We expected the early months of our baby’s life to be dull – and then the lockdown started

shadow family portrait
‘Our boy cannot be held by our parents, or anyone really but us. Such a situation creates its own anxieties; will he become resistant to new people, and perhaps too reliant on those closest to him?’ Photograph: Alamy Stock Photo

Our child was born into a world of fire; he arrived on a bushfire Saturday as large parts of the New South Wales south coast went up in flames.

He is growing into a world of enforced detachment. We had expected the early months of parenthood to be tiring and dull and unadventurous. We had not contemplated that our boy might go months without meeting another person; that we might spend months without the support and love of our extended families.

The boy is a first grandchild on both sides. My parents have been expectant grandparents for more than a decade.
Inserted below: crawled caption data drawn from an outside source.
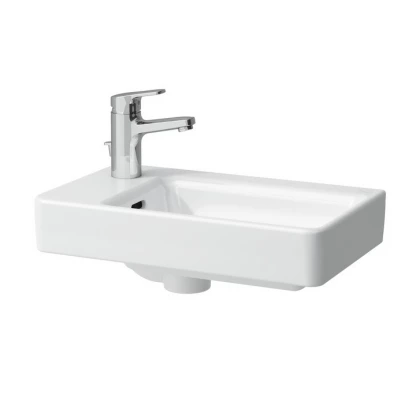 Umywalka ścienna 48x28 Laufen PRO S H8159550001041 lewa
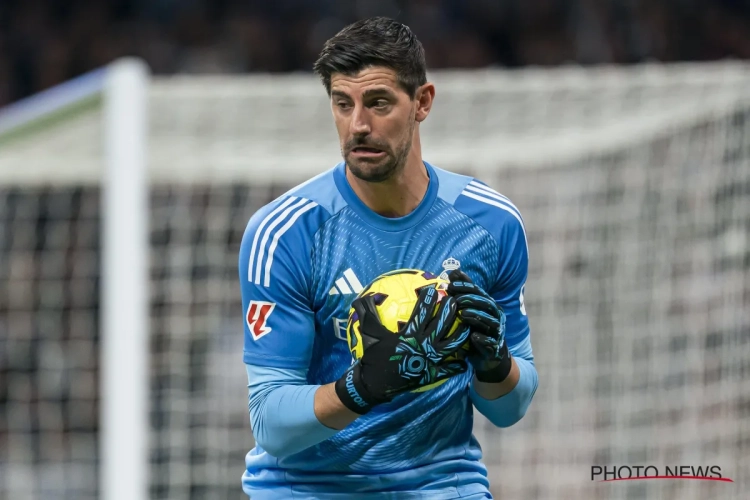 Au moins c'est clair : Thibaut Courtois sait à quoi s'attendre avec le nouvel entraîneur du Real Madrid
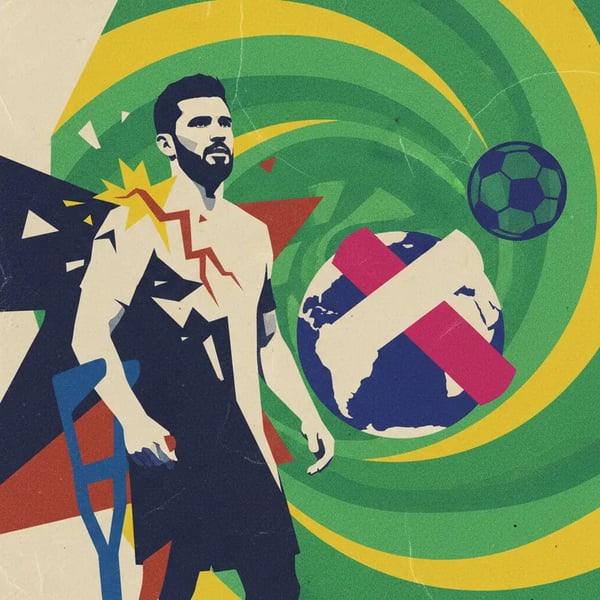 Dzeko fratura clavícula e vira dúvida para a Copa do Mundo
In his first few months, we had repeated visits from family members and friends from across the country. Our introduction to parenthood was a full house of people bringing freezer meals and staying for afternoon tea; an endless stream of baby gawkers and helpers to do loads of washing or give the house a vacuum.

Then the visits stopped, the world folded in on itself, and we were left on our own. Neither of us really envisaged raising a child so physically remote from our families and friends. But the Queensland border is closed and most are on the other side.
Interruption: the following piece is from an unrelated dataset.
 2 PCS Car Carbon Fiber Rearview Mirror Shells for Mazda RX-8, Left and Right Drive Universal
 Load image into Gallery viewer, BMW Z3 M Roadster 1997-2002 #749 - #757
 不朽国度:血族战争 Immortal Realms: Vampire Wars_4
Daily video calls with family are one thing. It is another to be able to place your child in loving arms, or to call on someone at a pinch, if one of us is unwell or tired or just needs to put the screaming little shit down. Such a situation can snowball. You heap exhaustion upon exhaustion because you have a child now and there’s no other option.

Both his parents are proud introverts and thought isolation might not really affect our inward-looking little lives. We’re more comfortable at home on a Friday night; eager to be friendly rather than close friends with most people in our orbit.

We live in a quiet neighbourhood in north Brisbane, and we have made some friends locally. Though in fairness it is our dog, Dennis, the family exhibitionist, who is mostly responsible for these connections and has an uncanny ability to sniff out interesting folks.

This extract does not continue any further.